JOHANNESBURG - Uber and metered taxi operators will now have to get permits to operate in Gauteng.
This is aimed at reducing the increasing violence between the warring groups, which has killed at least one person.
A special task force will also be established to tackle violence between metered taxis and tech companies like Uber and Taxify. Metered taxis want Uber banned, arguing the ride-sharing app is operating illegally and taking away its business.
The Gauteng government has admitted the violence reached shocking levels, but officials said it will not ban Uber or any other operator.
Since January, there have been a total of about 300 attacks in Gauteng: 204 incidents occurred in Tshwane, 86 in Johannesburg, and four in Ekurhuleni.
About 116 cases have been opened with police and 28 people were arrested.
During a briefing held on Sunday, Gauteng Premier David Makhura announced a special provincial cabinet committee and task force - comprising law-enforcement agencies and intelligence services - will now deal with the matter.
“If this matter is allowed to continue we would have a situation where people are recruited to carry out hits, especially recruiting those who carry out political killings.

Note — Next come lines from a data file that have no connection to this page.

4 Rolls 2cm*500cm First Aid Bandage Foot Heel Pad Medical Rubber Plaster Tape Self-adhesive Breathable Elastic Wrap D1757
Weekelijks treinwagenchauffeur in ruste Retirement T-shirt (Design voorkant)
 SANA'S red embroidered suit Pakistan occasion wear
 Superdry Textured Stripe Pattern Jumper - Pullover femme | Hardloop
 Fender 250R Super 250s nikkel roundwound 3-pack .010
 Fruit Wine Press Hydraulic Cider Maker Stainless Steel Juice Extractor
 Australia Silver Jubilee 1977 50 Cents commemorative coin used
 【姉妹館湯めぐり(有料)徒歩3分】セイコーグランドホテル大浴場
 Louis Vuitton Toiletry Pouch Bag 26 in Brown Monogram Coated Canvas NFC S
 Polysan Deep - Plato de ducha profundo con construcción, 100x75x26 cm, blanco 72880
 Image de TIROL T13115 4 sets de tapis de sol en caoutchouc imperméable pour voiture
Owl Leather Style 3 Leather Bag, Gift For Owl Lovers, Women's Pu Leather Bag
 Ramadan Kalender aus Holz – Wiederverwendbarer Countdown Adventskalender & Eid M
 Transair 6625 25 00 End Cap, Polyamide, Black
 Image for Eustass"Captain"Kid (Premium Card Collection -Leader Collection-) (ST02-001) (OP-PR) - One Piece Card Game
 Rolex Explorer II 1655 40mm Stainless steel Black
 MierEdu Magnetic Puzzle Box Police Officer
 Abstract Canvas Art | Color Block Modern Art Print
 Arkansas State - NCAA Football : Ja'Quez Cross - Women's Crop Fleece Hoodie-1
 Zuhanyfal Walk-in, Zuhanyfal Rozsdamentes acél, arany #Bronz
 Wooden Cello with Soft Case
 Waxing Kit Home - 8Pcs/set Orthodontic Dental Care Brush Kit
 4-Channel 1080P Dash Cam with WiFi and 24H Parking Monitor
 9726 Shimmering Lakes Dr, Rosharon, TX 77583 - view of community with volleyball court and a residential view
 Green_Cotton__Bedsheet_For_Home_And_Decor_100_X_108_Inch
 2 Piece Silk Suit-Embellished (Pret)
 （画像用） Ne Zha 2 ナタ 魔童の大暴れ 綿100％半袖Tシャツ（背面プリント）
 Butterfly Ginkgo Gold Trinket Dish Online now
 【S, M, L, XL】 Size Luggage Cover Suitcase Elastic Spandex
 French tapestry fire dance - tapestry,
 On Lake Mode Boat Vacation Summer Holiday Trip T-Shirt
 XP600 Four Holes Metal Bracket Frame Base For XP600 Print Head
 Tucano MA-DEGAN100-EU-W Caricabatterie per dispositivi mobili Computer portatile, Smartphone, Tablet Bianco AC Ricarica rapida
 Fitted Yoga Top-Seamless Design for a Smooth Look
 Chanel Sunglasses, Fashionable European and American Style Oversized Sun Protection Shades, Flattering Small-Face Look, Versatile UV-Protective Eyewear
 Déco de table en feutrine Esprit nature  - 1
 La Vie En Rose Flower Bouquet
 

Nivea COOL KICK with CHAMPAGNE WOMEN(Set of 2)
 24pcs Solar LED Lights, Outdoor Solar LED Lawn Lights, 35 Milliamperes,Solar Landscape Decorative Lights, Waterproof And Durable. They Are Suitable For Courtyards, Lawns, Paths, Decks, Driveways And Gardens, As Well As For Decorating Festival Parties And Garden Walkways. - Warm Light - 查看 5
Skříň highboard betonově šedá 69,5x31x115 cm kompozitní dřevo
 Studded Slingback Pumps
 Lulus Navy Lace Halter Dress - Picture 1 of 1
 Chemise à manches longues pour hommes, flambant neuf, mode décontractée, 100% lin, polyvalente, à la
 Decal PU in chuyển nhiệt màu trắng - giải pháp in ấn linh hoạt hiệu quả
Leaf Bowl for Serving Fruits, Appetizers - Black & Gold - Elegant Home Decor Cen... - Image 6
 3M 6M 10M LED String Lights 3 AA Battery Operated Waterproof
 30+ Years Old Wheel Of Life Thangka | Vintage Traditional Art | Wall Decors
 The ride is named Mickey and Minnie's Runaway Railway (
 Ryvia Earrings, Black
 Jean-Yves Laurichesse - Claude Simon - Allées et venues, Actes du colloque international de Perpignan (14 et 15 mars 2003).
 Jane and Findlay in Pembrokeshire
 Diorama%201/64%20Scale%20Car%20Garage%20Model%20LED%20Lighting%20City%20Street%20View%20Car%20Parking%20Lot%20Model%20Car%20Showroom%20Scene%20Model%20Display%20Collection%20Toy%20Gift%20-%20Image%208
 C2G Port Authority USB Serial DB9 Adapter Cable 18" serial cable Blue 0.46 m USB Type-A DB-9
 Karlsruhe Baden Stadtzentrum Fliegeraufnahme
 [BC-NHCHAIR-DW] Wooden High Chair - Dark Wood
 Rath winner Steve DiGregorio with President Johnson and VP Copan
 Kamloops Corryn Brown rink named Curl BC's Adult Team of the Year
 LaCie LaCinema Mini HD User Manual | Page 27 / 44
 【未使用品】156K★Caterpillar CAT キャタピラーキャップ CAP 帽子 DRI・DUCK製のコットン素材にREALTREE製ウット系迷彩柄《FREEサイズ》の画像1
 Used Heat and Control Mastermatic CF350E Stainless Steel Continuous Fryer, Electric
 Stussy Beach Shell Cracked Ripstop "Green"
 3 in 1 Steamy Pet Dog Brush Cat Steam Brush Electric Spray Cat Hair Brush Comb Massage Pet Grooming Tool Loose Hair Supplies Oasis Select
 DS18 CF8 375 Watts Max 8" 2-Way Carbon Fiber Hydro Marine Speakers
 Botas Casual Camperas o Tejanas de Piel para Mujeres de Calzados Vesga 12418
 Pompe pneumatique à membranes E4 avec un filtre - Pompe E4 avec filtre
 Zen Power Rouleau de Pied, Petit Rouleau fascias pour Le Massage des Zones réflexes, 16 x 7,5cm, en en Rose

We don’t want hired assassins. One life has already been lost.”
Officials believe having records of every public transport operator in the province can assist in tackling the problem.
“We want Uber and metered taxis and everyone else who operates in the public transport space to be registered with us. Already we have seen 2,300 Uber operators making applications to us,” said Makhura.
Around 600 Uber operators have already received their permits while 500 metered taxi drivers received theirs.
Authorities said they will also probe claims that during some attacks law enforcement officials did not act when they witnessed the violence.
“Where police have been involved in not assisting Uber drivers when they are being attacked we will definitely attack against those,” said Gauteng Community Safety MEC Sizakele Nkosi-Malobane.